Material and methods

Plant material and growth conditions

After surface-sterilization with HgCl2 solution (0.1%, w/v), the safflower seeds were germinated on a wet filter paper at 25 °C for 48 h under sterile conditions. Next, uniform size germinated seedlings were transplanted in plastic pots (20 cm × 30 cm), 8 plants per pot, filled with perlite. Full-strength hoagland nutrient solution (Arnon and Hogland 1940) was applied. After 10 days of stabilization, Pb and MEL treatments were applied either alone or in combination. To determine the optimal dose, preliminary experiments with different concentrations of Pb(NO3)2 and MEL were carried out independently (data not presented). Pb treatments (0 and 50 μM Pb(NO3)2) were applied by root irrigation and foliar portions of seedlings were simultaneously sprayed with five levels of MEL (0, 100, 150, 200 and 300 μM) in pots containing 8 plants as follows: (T1) Control (0 μM Pb(NO3)2 + 0 μM MEL), (T2) (50 μM Pb(NO3)2 + 0 μM MEL), (T3) (0 μM Pb(NO3)2 + 100 μM MEL), (T4) (50 μM Pb(NO3)2 + 100 μM MEL), (T5) (0 μM Pb(NO3)2 + 150 μM MEL), (T6) (50 μM Pb(NO3)2 + 150 μM MEL), (T7) (0 μM Pb(NO3)2 + 200 μM MEL), (T8) (50 μM Pb(NO3)2 + 200 μM MEL), (T9) (0 μM Pb(NO3)2 + 300 μM MEL), (T10) (50 μM Pb(NO3)2 + 300 μM MEL) (Table 1). To prepare sprayed MEL solution, MEL was dissolved in 100% ethanol at a concentration of 10 mM and stored at −20 °C as a stored solution. At the time of use, stored solution was further diluted in to different concentrations.
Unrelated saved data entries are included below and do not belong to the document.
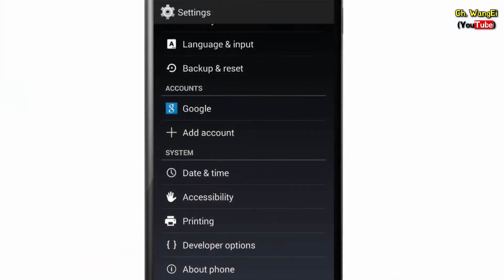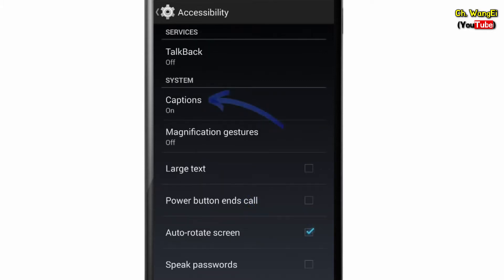To do this, open your phone's settings. Now tap Accessibility, then Captions.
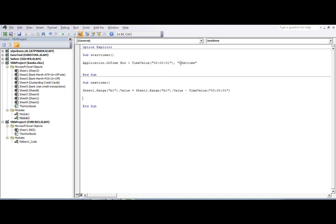This works like a loop. Once the 'next_time' procedure runs and decrements B1 by one second, I call 'start_timer' again from within 'next_time'. This causes 'start_timer' to schedule 'next_time' again one second later, creating the continuous countdown loop.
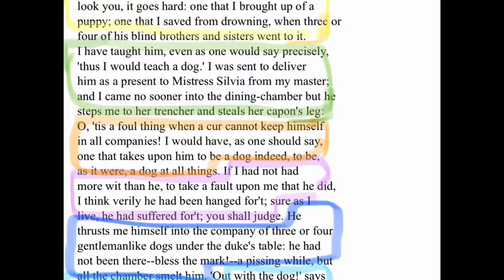Next: 'Oh, to the foul thing when a cur cannot keep himself in all companies, I would have, as one should say, one that takes upon him to be a dog indeed, to be, as it were, a dog at all things.' That means: it's terrible when a dog can't behave himself and act normal in social situations. But I happen to have a dog that's a dog in everything he does — he just acts like a dog.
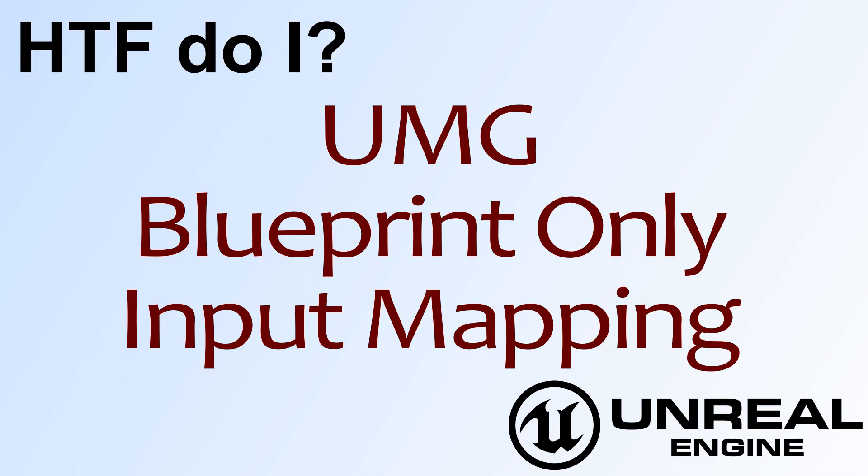Hello, welcome to video 4. How do I use UMG to make a Blueprint-only input mapping system?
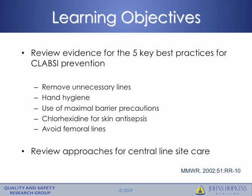Units should consider approaches to evaluating on a daily basis how to ensure that clinicians assess the need for the catheters and have them removed if they are no longer needed.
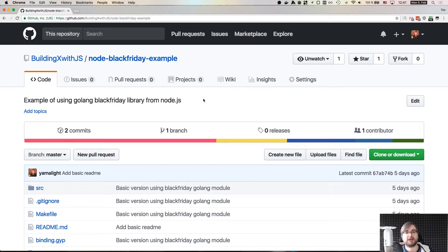Today I want to talk about creating native Node.js add-ons using Golang. Why Golang? Well, first of all, because it's way easier to learn than C and C++ that are native to the Node.js native add-ons.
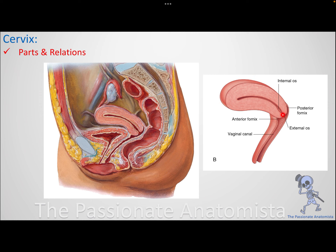Regarding the cervix: the cervix is the lowermost part of the uterus and is the transition between the uterus and the vagina. During development, the uterus invaginated into the vagina. Because it came in, it has two parts: the part at the level of the vagina is called the vaginal part of the cervix, and above that is the supravaginal part of the cervix.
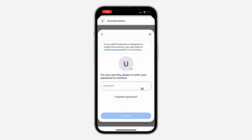Right here you need to enter your Meta AI password. If you don't have a password, click on Create a Password right here.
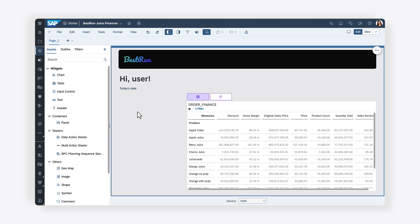Interested in making your stories more flexible by allowing your users to customize how information is displayed? You can leverage scripting in SAP Analytics Cloud to implement functionality that enables your users to select which measures are applied to a data visualization.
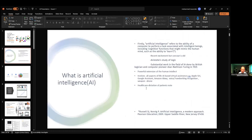Let's get some idea of what is artificial intelligence or AI. By definition, artificial intelligence refers to the ability of a computer to perform tasks associated with intelligent beings, including cognitive functions that might mimic the human mind, such as the ability to learn. Most importantly, we have to remember it is intelligence being like a human being, but not exactly.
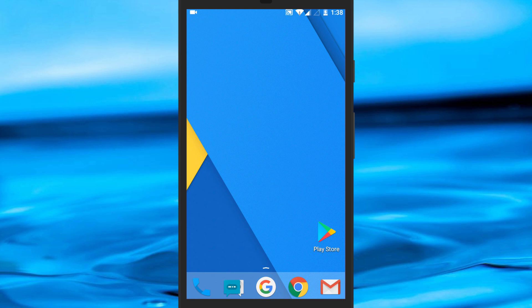After that, if you want to read anyone's message on WhatsApp without them knowing, then you have to go on your Android home screen. Here, we will learn how to create a widget.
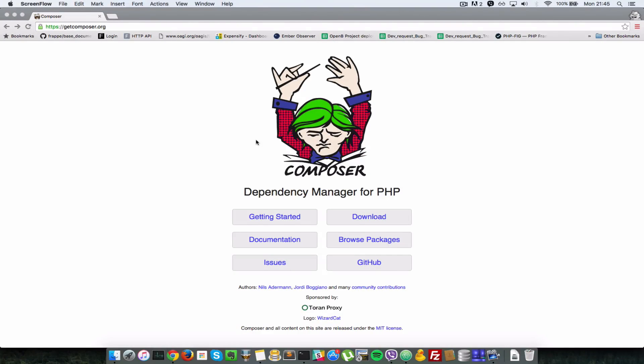Hello everyone, this is Lamin Sanya of LS Web Apps. In this tutorial series we're going to have a look at how to get up and running with PHP Composer.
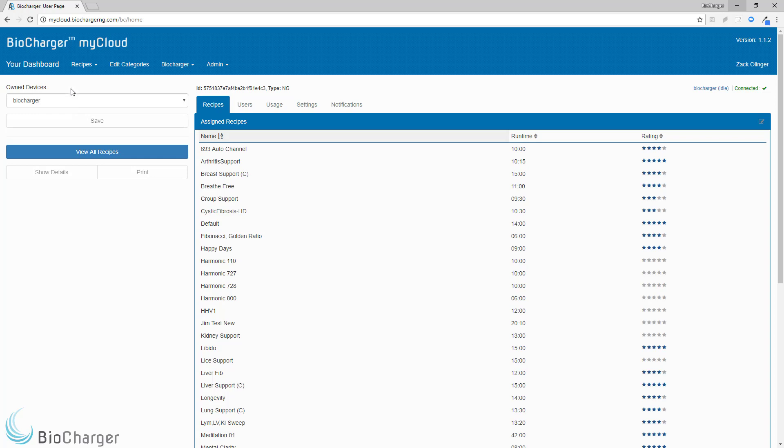One thing I would like to note real fast is that my dashboard inside of my cloud may look a little bit different than yours, and that is because I have an administrative account.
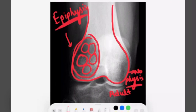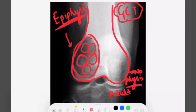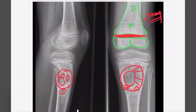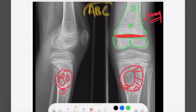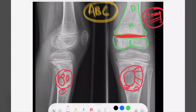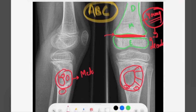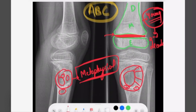So this X-ray is of GCT. Coming back to the previous one, this is an X-ray of ABC, because we have a young patient of around the second decade and the physis is present. The site of the lesion is metaphyseal in origin — this is the characteristic of ABC.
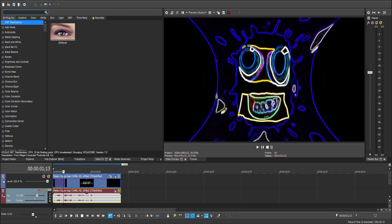Hi guys, welcome back to another tutorial. Today I'll be showing you how to make V Ormulator V36. Before that, I'll let you preview the sample.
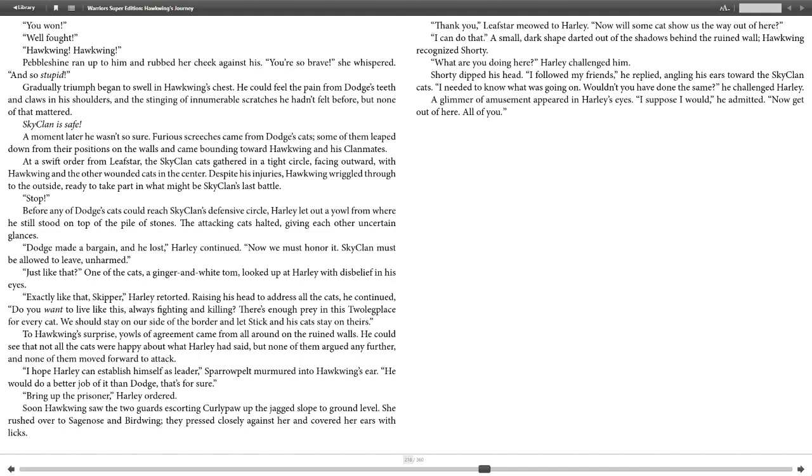"Just like that?" a ginger and white tom looked up at Harley with disbelief in his eyes. "Exactly like that, Skipper," Harley retorted. Raising his head to address all the cats, he continued, "Do you want to live like this, always fighting and killing? There's enough prey in this Twolegplace for every cat. We should stay on our side of the border and let Stick and his cats stay on theirs." Talking, surprised yowls of agreement came from all around. On the ruined walls, he could see that not all the cats were happy about what Harley had said, but none of them argued any further, and none of them moved forward to attack. "I hope Harley can establish himself as leader," Sparrowpelt murmured into Hawkwing's ear. "He would do a better job of it than Dodge, that's for sure."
Hoagland solutions with or without Pb, were changed every 5 days followed by foliar spray of melatonin and their pH adjusted to 6.5. A completely randomized design with five replicates was carried out. Plants were grown in a controlled-environment growth room with the following conditions: 16/8 light/dark photoperiod and photon flux density 200 µmol m−2 s−1, Day/night temperature of 26/22 °C and 65 ± 5% relative humidity. The plants were harvested after 14 days of growth and subsequently separated the root, stem and leaf samples. The samples were dried at 80 °C for 48 h to estimate plant dry mater and Pb concentration.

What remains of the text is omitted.